Prensin özel uçağı havaalanındaki piste inmişti.
Bir tatil başlıyordu…
Prens tatil için geldiği otelin konaklama için kendisine ayrılan
özel villasında mutlu olmadı.
Ben niye burada konaklıyorum ki dedi, zaten benim sarayımın her
yeri altınlarla safran sarısı duvarlarla çevrili…
En özel yemek ziyafetleri, en lüks yat, eğlence mekanlarında
özel localar derken tatil giderek can sıkıcı bir hal alıyordu Prens
için.
Çoğu insanın hayal bile edemeyeceği imkanlar onun için gayet
normal ve sıradandı.
Günler, geceler geçiyordu ama Prens kendisi için özel olarak
planlanmış tatilde mutlu değildi.
Ve sonunda tebdili kıyafet çıktı bir akşam vakti bulunduğu tatil
beldesinin sokaklarına …
Sıradan bir tatilci gibi bir akşam geçirecekti.
Kendisini yakından takip eden koruma ekibine talimat verdi,
kimselere belli etmeden onlarda bir tatilci gibi uzaktan izlediler
Prensi.
Prens yanındaki iki yakın arkadaşıyla birlikte dolaşmaya
başladı.
Salaş bir cafe bar’ın sahile konulmuş puflarına oturdu,
bir çay ve nargile söyledi kendisine
Mekanların renkli ışıkları denize yansıyordu. Bol yıldızlı bir
gece ve manzara güzeldi.
Ve birden sahilde bir çocuk fosforlu bileğe takılan bileklikler
elinde yürüyordu.
Prensin hoşuna gitmiştir çocuğun rengarenk fosforlarla parlayan
bilekleri dolu bu hali.
Çocuk bu bileklikleri satarak ekmeğini kazanıyordu.
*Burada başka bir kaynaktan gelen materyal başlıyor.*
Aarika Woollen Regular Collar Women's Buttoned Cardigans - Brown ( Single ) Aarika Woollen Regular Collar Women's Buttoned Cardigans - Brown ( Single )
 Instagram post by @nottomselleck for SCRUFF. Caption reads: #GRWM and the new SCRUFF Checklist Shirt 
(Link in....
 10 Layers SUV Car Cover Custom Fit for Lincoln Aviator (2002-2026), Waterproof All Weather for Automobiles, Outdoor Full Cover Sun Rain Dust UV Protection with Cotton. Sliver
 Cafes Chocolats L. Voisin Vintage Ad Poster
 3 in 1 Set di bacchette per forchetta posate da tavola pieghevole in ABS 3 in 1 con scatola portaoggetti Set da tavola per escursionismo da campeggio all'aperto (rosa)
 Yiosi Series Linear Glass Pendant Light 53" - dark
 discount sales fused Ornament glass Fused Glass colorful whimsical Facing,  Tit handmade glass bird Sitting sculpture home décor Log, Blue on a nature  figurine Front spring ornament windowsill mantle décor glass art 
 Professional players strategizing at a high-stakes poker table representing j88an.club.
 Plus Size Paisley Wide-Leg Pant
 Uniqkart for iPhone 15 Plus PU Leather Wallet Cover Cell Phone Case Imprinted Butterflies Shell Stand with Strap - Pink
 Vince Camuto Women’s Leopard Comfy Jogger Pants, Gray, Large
Hey dedi el
salladı Prens, çocuğa yanına çağırarak bir turuncu bir mavi
bileklik aldı
Ve hiç vakit kaybetmeden taktı. Tatili için ona sunulan en üst
düzey atmosferlerden sıkılan yüzü gülmeye prensin akşam yüzü güldü.
Espri yaptı, şakalaştı adeta çocuklar gibi şendi. Mutluluğu ise her
halinden belliydi.
Çoğumuz için belki sıradan bir akşamdı Prens için ise belki de
yaşadığı en mutlu akşamdı.
Parayla Mutluluğu Satın alamazsınız.